--- WHAT IS EXPECTED ---
In the records below, find the line that contains "HOMCOM Suport de" and the line that contains "izso balint business card", then retype exactly those two lines and every line between them.

--- TASK MATERIAL ---
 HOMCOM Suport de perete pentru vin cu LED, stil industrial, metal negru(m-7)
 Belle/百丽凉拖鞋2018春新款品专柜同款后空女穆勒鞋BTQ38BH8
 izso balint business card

...

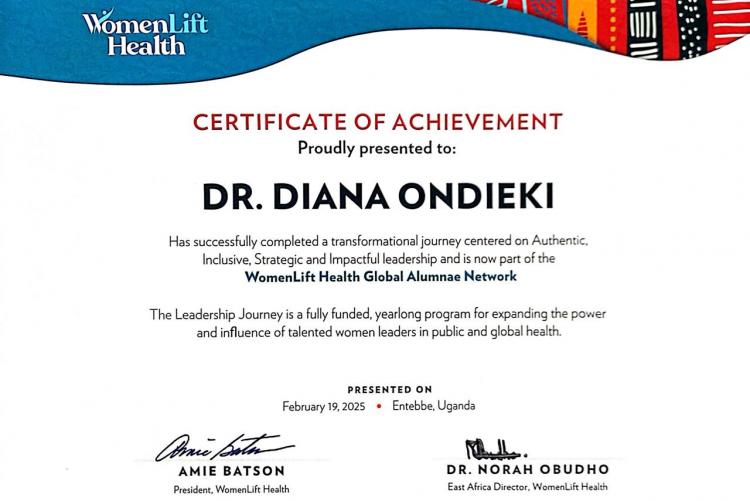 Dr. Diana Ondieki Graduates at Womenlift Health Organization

--- SOLUTION ---
 HOMCOM Suport de perete pentru vin cu LED, stil industrial, metal negru(m-7)
 Belle/百丽凉拖鞋2018春新款品专柜同款后空女穆勒鞋BTQ38BH8
 izso balint business card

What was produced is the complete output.